What I want to do is pull back and look at the macro picture. That also means thinking of it not as a static adjustment from one set of regulations to another, but rather as an inherently dynamic process in which the government has taken lessons that it thinks it has learned from trying to foster high-tech development in China, and applies them to a broader canvas where it tries to paint the destiny of the Chinese people in increasingly vivid and assertive coloration.

This is something that admittedly draws on my own earlier work. Maybe my view is overly shaped by the fact that I was looking at Chinese industrial policy anyway, so it’s natural for me to see these recent policies as a deepening and expansion of industrial policy. Let me confess to that potential bias. But having confessed to that bias, I think it’s a good starting point for looking at what we see today.

China has been running a very interventionist and increasingly powerful industrial policy. It really gets going around 2009-10, when China articulates a vision of the strategic emerging industries. … While governments in the US and Europe kind of look at these technological changes and think maybe we should do something about it, China is already all in, it’s driving forward a set of changes based on this high technology orientation. …

My central assertions are that from an economic standpoint what really changed in the summer of 2021 was two things. First, that the policy objectives that the Chinese government was pushing for proliferated enormously. This portfolio of things that the government is pushing for really extended so quickly into so many new areas that I think most people were in shock. Probably the most dramatic of these is that the government seems to be displaying something near panic on falling birthrates even though we have known for 25 years what the trend of the Chinese birthrate was going to be. Instead of pursuing one or two simply defined objectives, namely new growth drivers and high-tech development, now all of a sudden China has a portfolio of six or eight or ten:

1. Data security and control

2. De-risk and enhance control of the financial risk

3. Raise the birth rate by reducing the burden on families

4. Rebuild new decentralized cities, while keeping housing prices low

5. Reduce carbon emissions, pollution and global warming

6. Common Prosperity

The even more surprising thing is the second one: which is that as these objectives have proliferated, the instruments deployed to achieve them have not been able to catch up. We see the widespread recourse to a bunch of actions and instruments that are no longer conforming to the requirements of smooth market development. This has created substantial immediate costs for Chinese citizens, and I argue that it creates substantial medium-run costs for the Chinese growth process. There are may built-in conflicts between the different objectives and the different instruments, and the way those instruments are deployed, suddenly, sometimes excessively, and in many cases without consideration for what their implications will be in other areas.

There’s a couple points implied by this “industrial policy for everything” concept that I think are worth drawing out more. First, this increased government intervention is oriented to the future, not the past. It is aimed at achieving aspirational goals for the development of Chinese society, not returning to an imagined past utopia. Second, it is driven by sweeping political objectives that cut across economic sectors, rather than a “target list” of industries that need to have tighter regulation. These are my preliminary conclusions anyway — no doubt the Chinese government will give us plenty more to figure out in coming months.

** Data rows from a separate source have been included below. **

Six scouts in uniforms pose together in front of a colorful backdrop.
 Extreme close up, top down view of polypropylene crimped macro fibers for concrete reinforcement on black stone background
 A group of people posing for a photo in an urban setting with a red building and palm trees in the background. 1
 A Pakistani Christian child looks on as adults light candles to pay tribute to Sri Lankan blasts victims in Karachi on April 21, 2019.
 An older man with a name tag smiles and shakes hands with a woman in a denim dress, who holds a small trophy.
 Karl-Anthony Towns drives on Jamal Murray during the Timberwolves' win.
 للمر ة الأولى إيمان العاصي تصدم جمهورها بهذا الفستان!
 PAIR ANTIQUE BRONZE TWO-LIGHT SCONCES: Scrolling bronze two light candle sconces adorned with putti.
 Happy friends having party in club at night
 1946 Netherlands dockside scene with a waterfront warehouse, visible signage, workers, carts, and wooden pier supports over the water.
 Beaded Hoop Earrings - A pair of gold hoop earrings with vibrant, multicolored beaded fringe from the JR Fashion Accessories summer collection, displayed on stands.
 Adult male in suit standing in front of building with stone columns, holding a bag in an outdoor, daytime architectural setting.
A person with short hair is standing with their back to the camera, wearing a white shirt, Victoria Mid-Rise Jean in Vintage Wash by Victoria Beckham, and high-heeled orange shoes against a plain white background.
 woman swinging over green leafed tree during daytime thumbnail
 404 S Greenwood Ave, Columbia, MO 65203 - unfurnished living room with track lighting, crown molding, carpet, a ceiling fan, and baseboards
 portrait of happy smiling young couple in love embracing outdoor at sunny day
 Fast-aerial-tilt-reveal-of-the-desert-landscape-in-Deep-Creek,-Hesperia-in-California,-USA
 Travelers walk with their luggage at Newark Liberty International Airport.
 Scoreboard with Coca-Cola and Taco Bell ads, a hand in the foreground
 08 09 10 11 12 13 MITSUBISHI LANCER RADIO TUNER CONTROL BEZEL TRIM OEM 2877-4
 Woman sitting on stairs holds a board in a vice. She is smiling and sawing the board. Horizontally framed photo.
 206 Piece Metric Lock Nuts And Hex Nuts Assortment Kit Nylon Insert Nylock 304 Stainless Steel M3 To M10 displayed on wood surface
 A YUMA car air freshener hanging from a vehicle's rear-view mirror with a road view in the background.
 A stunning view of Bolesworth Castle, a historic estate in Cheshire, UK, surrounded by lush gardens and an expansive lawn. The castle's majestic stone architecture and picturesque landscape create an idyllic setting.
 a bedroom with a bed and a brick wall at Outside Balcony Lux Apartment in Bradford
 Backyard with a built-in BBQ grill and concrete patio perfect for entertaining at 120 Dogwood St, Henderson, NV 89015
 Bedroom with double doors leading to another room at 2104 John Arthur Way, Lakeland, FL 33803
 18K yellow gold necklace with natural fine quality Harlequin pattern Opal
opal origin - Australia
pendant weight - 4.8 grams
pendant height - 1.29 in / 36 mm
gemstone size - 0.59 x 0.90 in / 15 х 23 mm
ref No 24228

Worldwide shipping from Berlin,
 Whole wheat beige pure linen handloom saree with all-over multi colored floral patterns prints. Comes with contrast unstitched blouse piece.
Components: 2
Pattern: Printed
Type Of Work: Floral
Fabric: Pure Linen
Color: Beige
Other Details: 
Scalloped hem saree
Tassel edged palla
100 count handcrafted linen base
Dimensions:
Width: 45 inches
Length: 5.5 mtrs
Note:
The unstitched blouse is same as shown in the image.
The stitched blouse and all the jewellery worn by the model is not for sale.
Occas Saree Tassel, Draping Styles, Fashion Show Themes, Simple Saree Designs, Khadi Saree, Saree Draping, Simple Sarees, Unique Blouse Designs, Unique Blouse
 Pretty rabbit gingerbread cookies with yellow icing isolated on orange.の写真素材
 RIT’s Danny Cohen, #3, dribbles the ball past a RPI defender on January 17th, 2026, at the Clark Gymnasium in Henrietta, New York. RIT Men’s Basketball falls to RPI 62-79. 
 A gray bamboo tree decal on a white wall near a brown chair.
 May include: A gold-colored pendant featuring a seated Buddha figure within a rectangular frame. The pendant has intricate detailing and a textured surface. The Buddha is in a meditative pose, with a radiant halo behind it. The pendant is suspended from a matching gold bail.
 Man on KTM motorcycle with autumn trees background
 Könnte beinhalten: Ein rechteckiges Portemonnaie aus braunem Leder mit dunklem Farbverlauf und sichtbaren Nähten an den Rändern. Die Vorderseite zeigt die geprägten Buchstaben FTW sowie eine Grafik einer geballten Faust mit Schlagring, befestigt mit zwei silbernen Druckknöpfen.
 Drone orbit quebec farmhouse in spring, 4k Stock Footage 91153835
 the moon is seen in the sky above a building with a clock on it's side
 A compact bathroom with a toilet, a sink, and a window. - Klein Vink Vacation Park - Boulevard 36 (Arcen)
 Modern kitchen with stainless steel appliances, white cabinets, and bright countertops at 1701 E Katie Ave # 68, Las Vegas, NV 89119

UPDATE: A full video of Naughton’s lecture has been posted here; it’s worth your time.

One Comment

  1. I started watching and was enjoying the analysis, but about halfway through (I think), I was brought up short by Naughton’s assertion that the policy tools being used by the government are “certainly” too blunt for the kind of job it’s trying to do. I was really struck by the word certainly. You’ll know about many of the failures of American/western economists to accurately see what is happening in China (the Michael Pettis bet on 2010-20 growth being perhaps the most crystalline example). I just wish that the descriptive analysis could come without this sickly prescriptive shading all the time, and even more, that any prescriptive analysis could contain just a hint of humility and little less certainty. His talk didn’t need that comment, so why muddy the waters like that?
    I find your blog to be free of the critica nonsense, so thank you!